Activity
Return the entries that follow exactly, with no images.

Short text fragments from websites:
+ + + + + + +

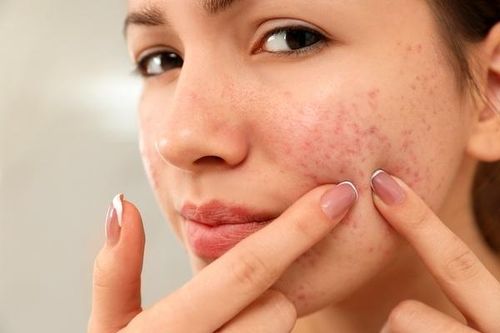 Những nguyên nhân gây ngứa da mặt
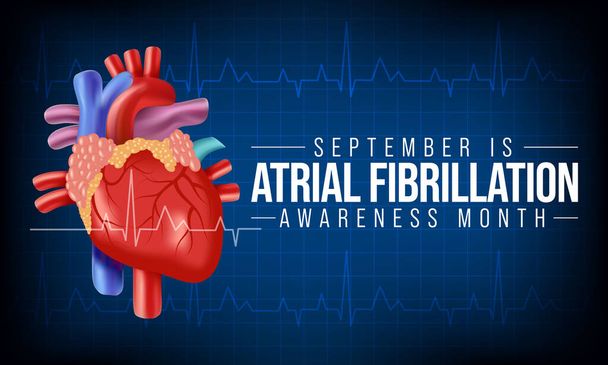 Der Awareness Month National Atrial Fibrillation (AFIB) wird jedes Jahr im September beobachtet. Dabei handelt es sich um eine Herzerkrankung, die eine unregelmäßige und oft ungewöhnlich schnelle Herzfrequenz verursacht. Vektorillustration - Vektor, Bild
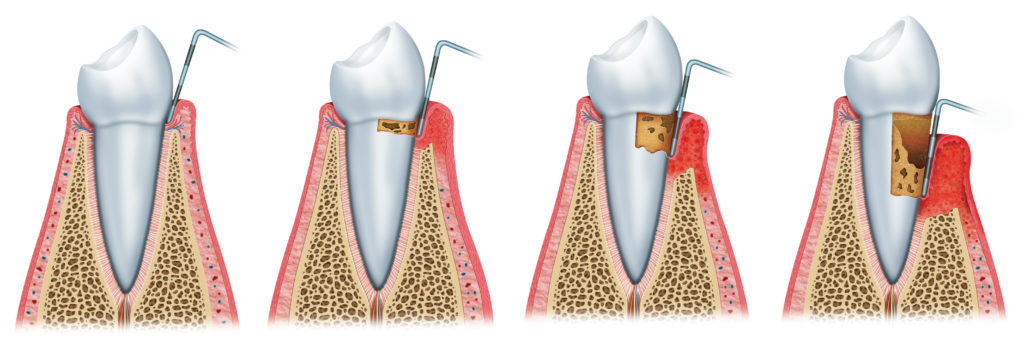 development of periodontal pocket 
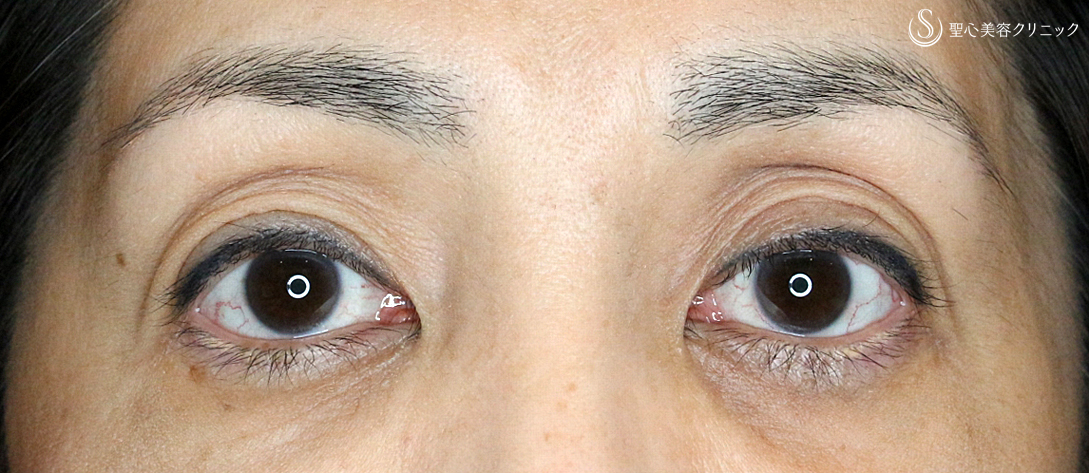 【50代女性・2ヶ月目で修正】切らない眼瞼下垂+α法（術後2ヶ月）札幌院 After 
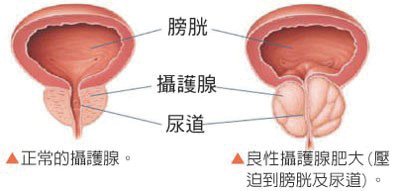 內視鏡雷射攝護腺汽化手術02良性攝護腺增生症俗稱攝護腺肥大是許多老年男性常見的疾病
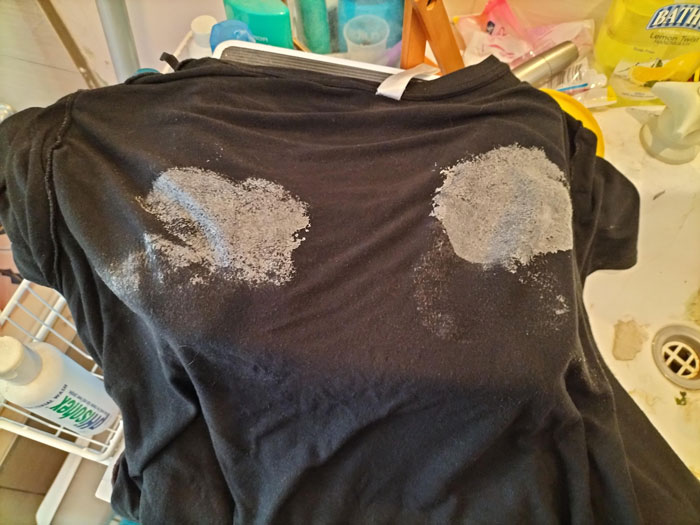 4 Days Into Sunburn Recovery, My T-Shirt Got Stuck To My Back And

+ + + + + + +

Output
 Những nguyên nhân gây ngứa da mặt
 Der Awareness Month National Atrial Fibrillation (AFIB) wird jedes Jahr im September beobachtet. Dabei handelt es sich um eine Herzerkrankung, die eine unregelmäßige und oft ungewöhnlich schnelle Herzfrequenz verursacht. Vektorillustration - Vektor, Bild
 development of periodontal pocket 
 【50代女性・2ヶ月目で修正】切らない眼瞼下垂+α法（術後2ヶ月）札幌院 After 
 內視鏡雷射攝護腺汽化手術02良性攝護腺增生症俗稱攝護腺肥大是許多老年男性常見的疾病
 4 Days Into Sunburn Recovery, My T-Shirt Got Stuck To My Back And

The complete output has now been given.